The distribution is far from normal, though we will embed the similar check in the function below.

In [None]:
def AB_testing(df, group, target):
    
    from scipy.stats import shapiro
    import scipy.stats as stats
    
    groupA = df[df[group] == "A"][target]
    groupB = df[df[group] == "B"][target]
    
    # Normality test
    normalA = shapiro(groupA)[1] < 0.05 # α = 0.05 threshold
    normalB = shapiro(groupB)[1] < 0.05
    # H0 hypothesis: Distribution is Normal = False
    # H1 hypothesis: Distribution is not Normal = True
    
    if (normalA == False) & (normalB == False): # "H0: Normal Distribution"

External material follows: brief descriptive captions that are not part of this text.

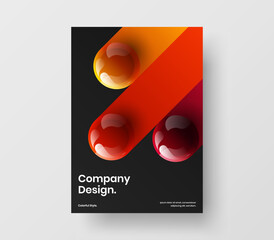 Original handbill vector design template. Clean realistic spheres poster concept.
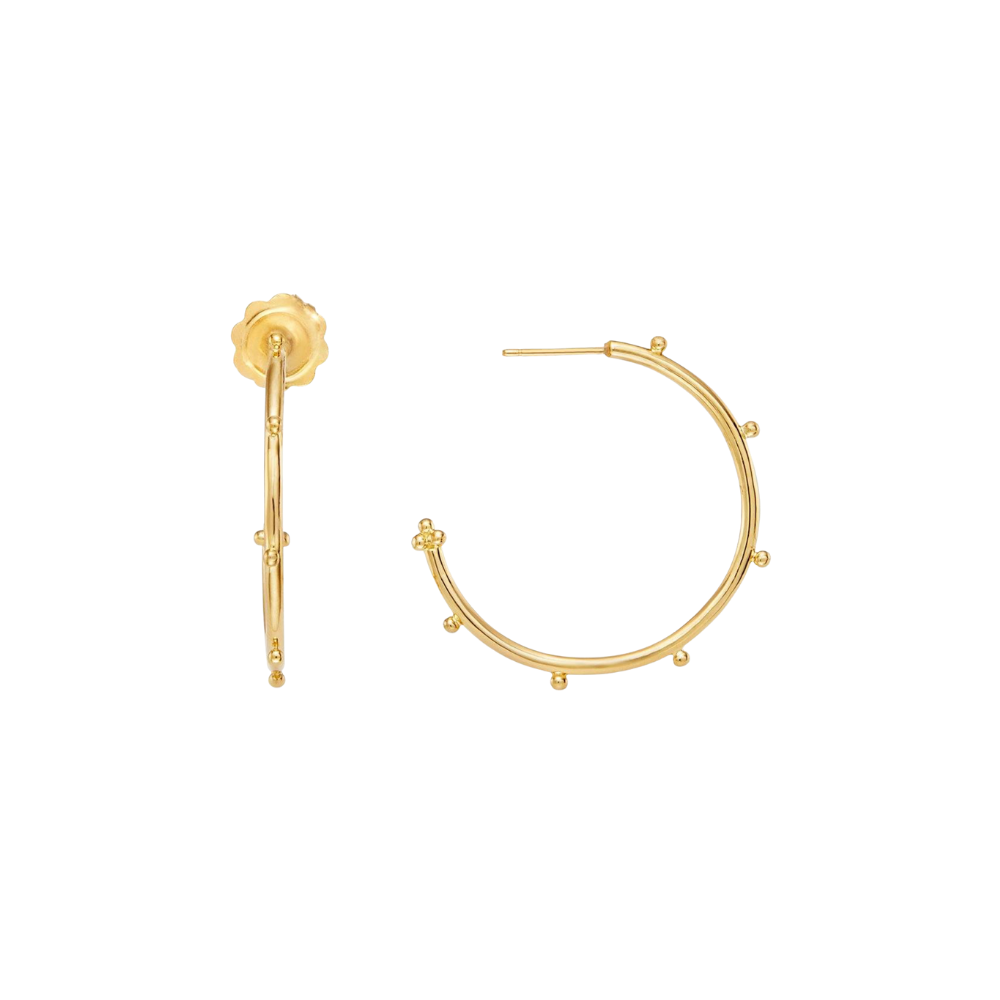 TEMPLE ST CLAIR 18K YELLOW GOLD GRANULE HOOP EARRING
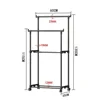 Double-Rod Clothes Rack Clothes Rack With Hooks Hanging Clothe Organizer For Bedroom Movable Bedroom Clothing Hanger With Wheels 6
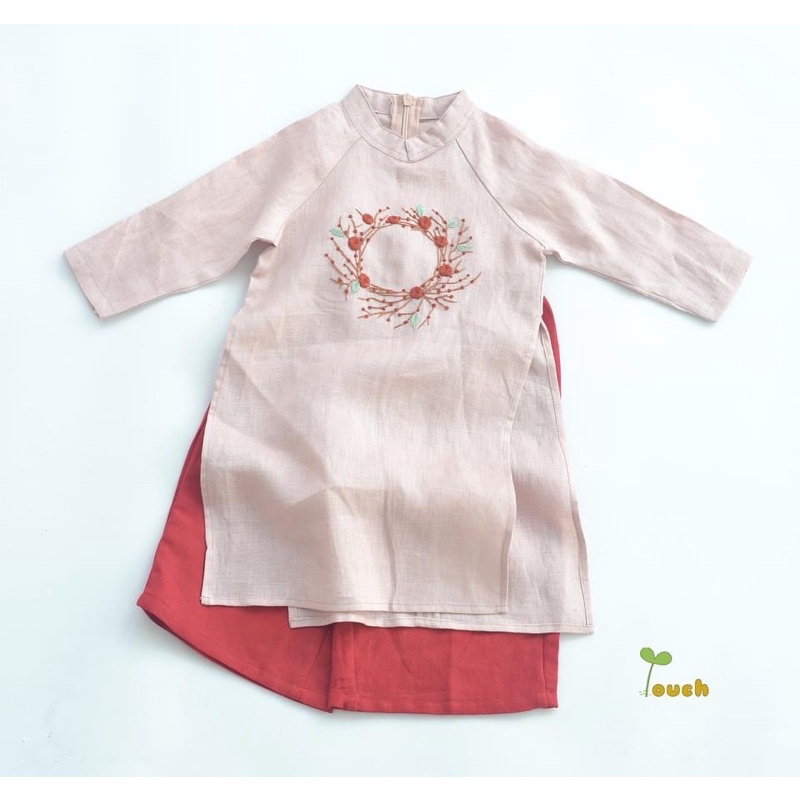 Áo dài linen premium hồng ruốc thêu tay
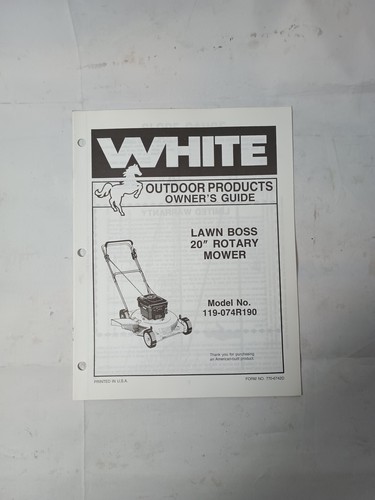 OEM White Outdoor Products (Owner's Manual) 119-050r190 OEM White Outdoor Products (Owner's Manual) 119-050r190
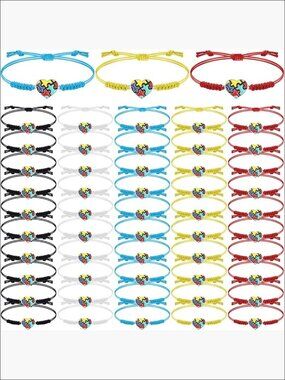 Autism Awareness Adjustable Bracelet with Heart Charm Puzzle Piece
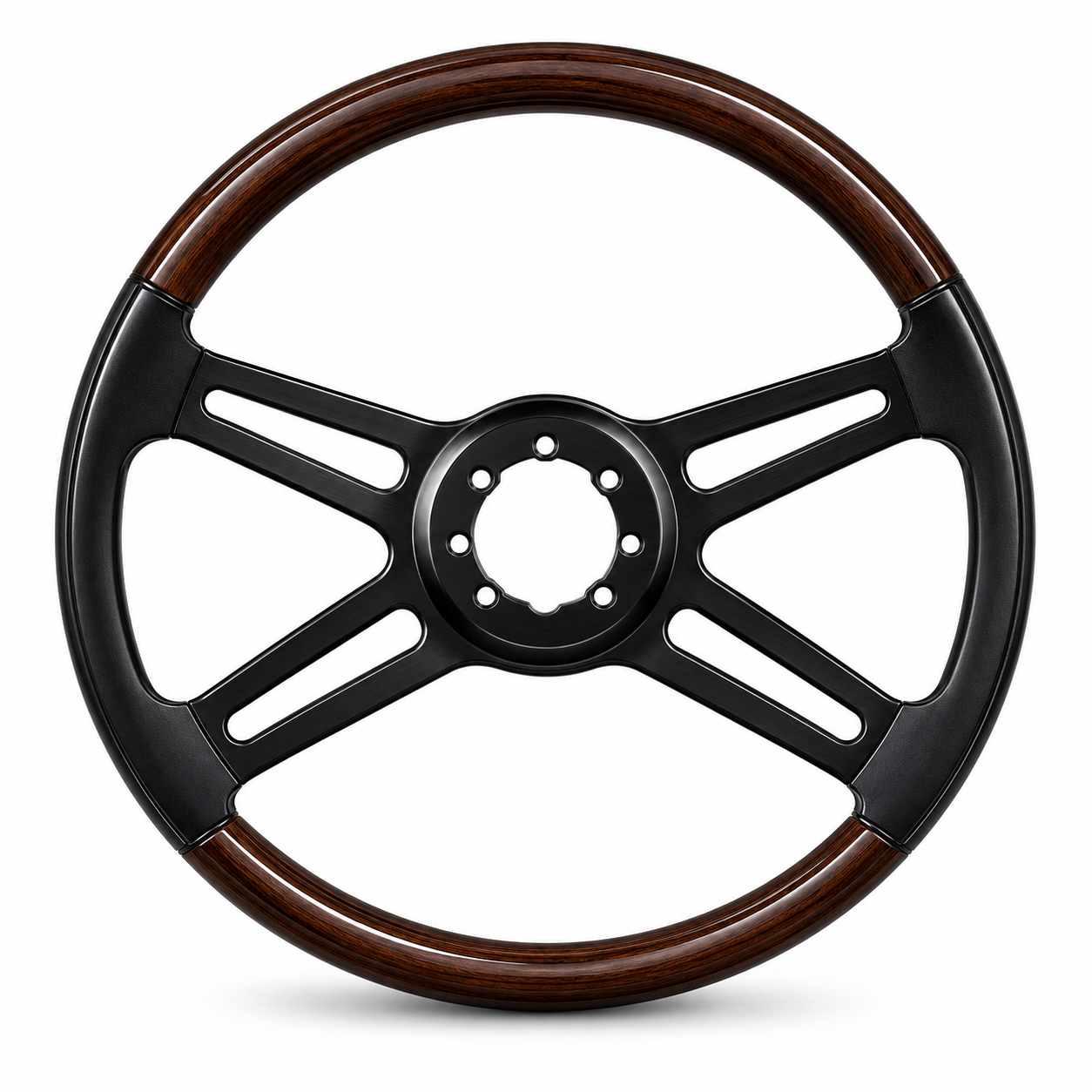 Volante De 18  Universal Madera C/piel Tracto-camion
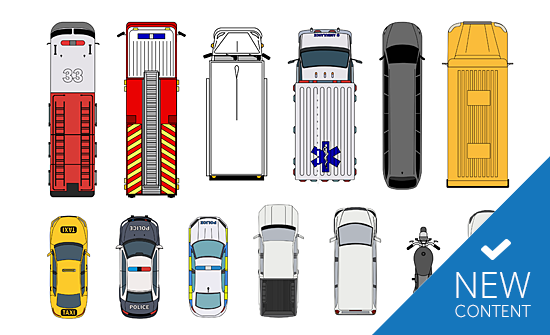 Detailed accident reconstruction symbols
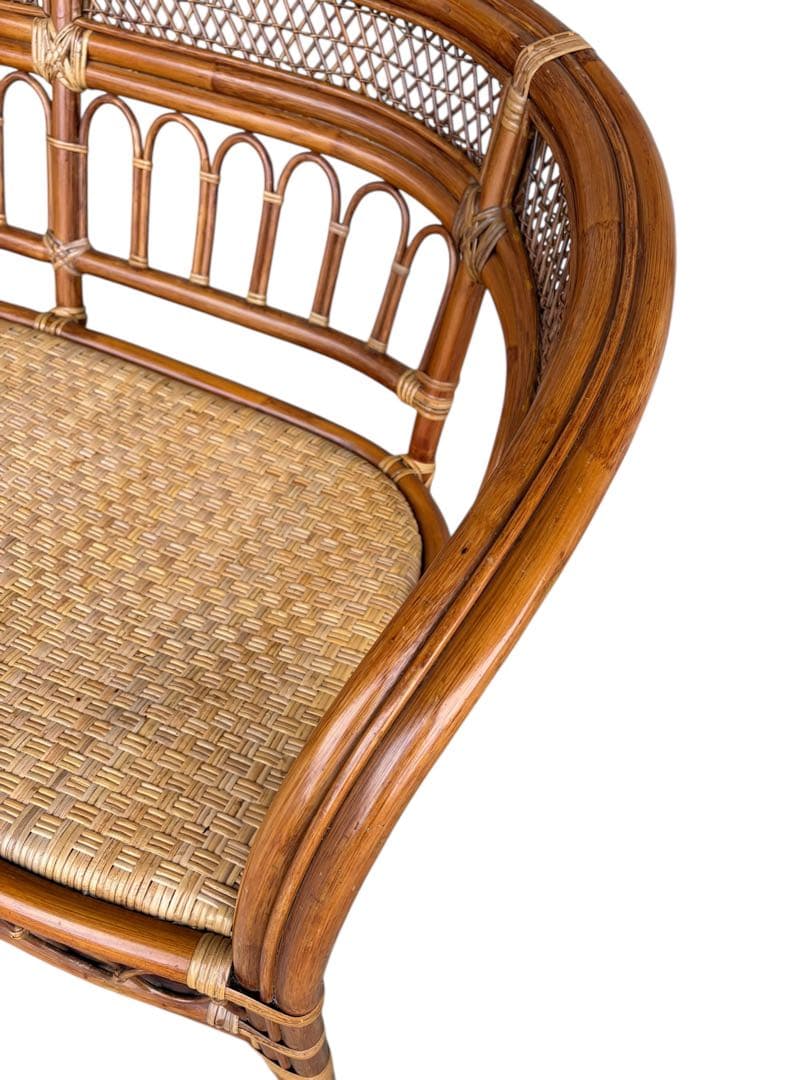 【美品】ラタンソファ 二人掛け チェア 藤製 アンティーク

        # Homogeneity of variances test
        leveneTest = stats.levene(groupA, groupB)[1] < 0.05
        # H0: Homogeneous variances = False
        # H1: Heterogeneous variances = True
        
        if leveneTest == False:
            # Homogeneous -> T0test
            ttest = stats.ttest_ind(groupA, groupB, equal_var=True)[1]
            # H0: R1 == R2 => False (R - retention)

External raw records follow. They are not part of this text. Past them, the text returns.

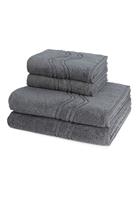Ross 2 X Handtuch Duschtuch - im Set Cashmere feeling, dunkelgrau, 4er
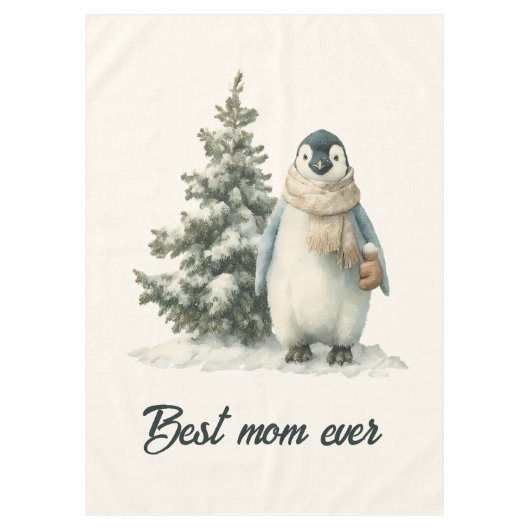 Winterpinguïn “Beste Moeder Ooit” Design Tafelkleed (Voorkant)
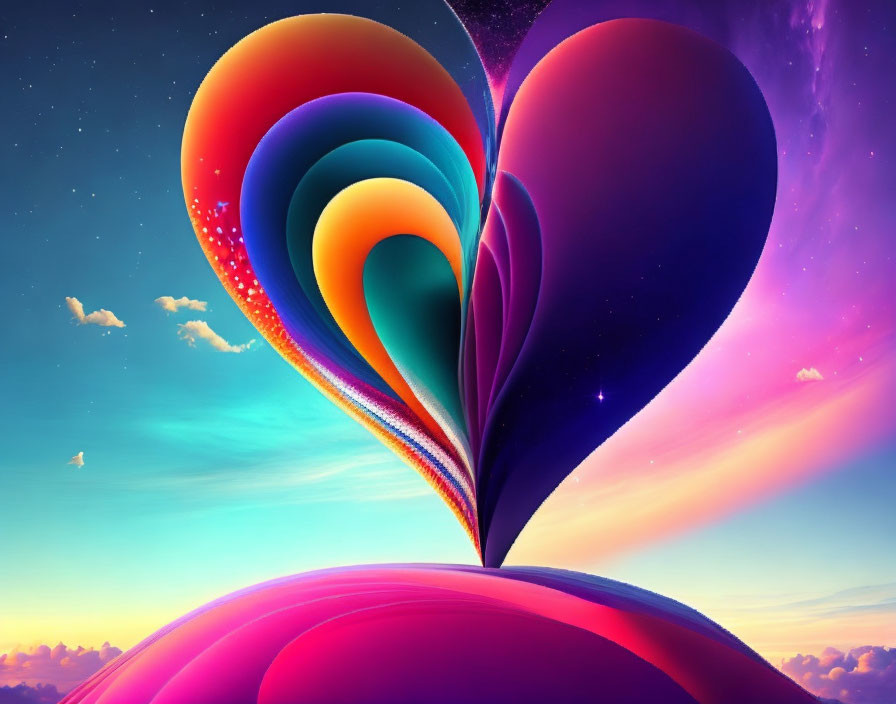 Colorful abstract art: Heart shape swirls in vibrant sky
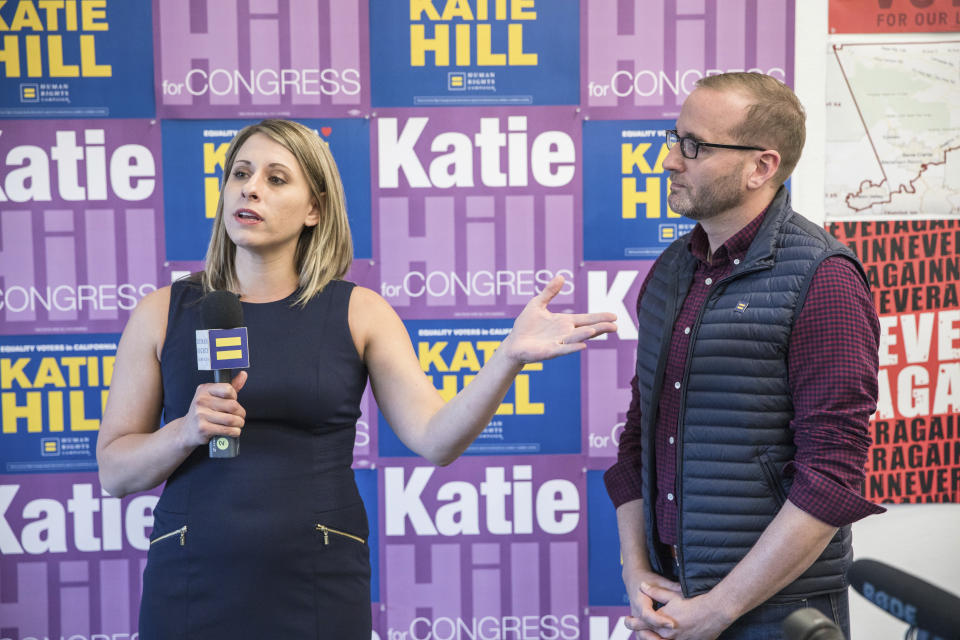 <span class="s1">Katie Hill, who’s running for Congress in California’s 25th District, and Human Rights Campaign president Chad Griffin at their phone banking headquarters in Stevenson Ranch, Calif., on Oct. 18. (Photo: Matt Harbicht/AP Images for Human Rights Campaign)</span>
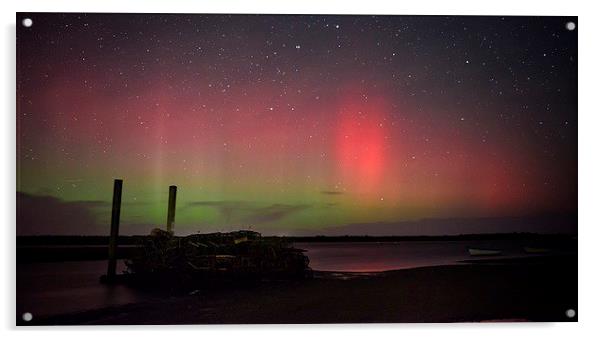  The Northern lights pay a visit to Brancaster Sta Acrylic by Gary Pearson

            # H1: R1 != R2 => True
        else:
            # Heterogeneous
            ttest = stats.ttest_ind(groupA, groupB, equal_var=False)[1] # equal_var is used for Welch test
            # H0: R1 == R2 => False (R - retention)
            # H1: R1 != R2 => True
    else:
        # Non-Parametric Test
        ttest = stats.mannwhitneyu(groupA, groupB)[1] 

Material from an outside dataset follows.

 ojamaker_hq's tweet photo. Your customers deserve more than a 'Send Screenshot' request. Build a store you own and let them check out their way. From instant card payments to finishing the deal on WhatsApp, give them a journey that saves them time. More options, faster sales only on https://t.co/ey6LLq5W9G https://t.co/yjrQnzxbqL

        # H0: R1 == R2 => False (R - retention)
        # H1: R1 != R2 => True
        
    # Result
    result = pd.DataFrame({
        "A/B Hypothesis":[ttest < 0.05], 
        "p-value":[ttest]
    })
    result["Test Type"] = np.where((normalA == False) & (normalB == False), "Parametric (normal dist.)", "Non-Parametric (not normal dist.)")
    result["A/B Hypothesis"] = np.where(result["A/B Hypothesis"] == False, "Do not reject H0.", "Reject H0, accept H1.")
    result["Comment"] = np.where(result["A/B Hypothesis"] == "Do not reject H0", "A/B groups are similar in performance.", "Difference in A/B is statistically significant.")
    
    # Columns
    if (normalA == False) & (normalB == False):
        result["Homogeneity"] = np.where(leveneTest == False, "Yes", "No")
        result = result[["Test Type", "Homogeneity","A/B Hypothesis", "p-value", "Comment"]]
    else:
        result = result[["Test Type","A/B Hypothesis", "p-value", "Comment"]]
    
    # Print Hypothesis
    print("# A/B hypotheses testing:")
    print("H0: A == B")
    print("H1: A != B", "\n")
    
    return result
    
    
    
# Apply A/B Testing
AB_testing(df=df, group = "version", target = "sum_gamerounds")

# 4. Interpreting results

The analysis indicates that there is a statistically significant difference between two groups in terms of moving the first gate from level 30 to level 40 for game rounds.

The conclusion is as follows: if we want to keep retention rate high — we should not move the gate from level 30 to level 40.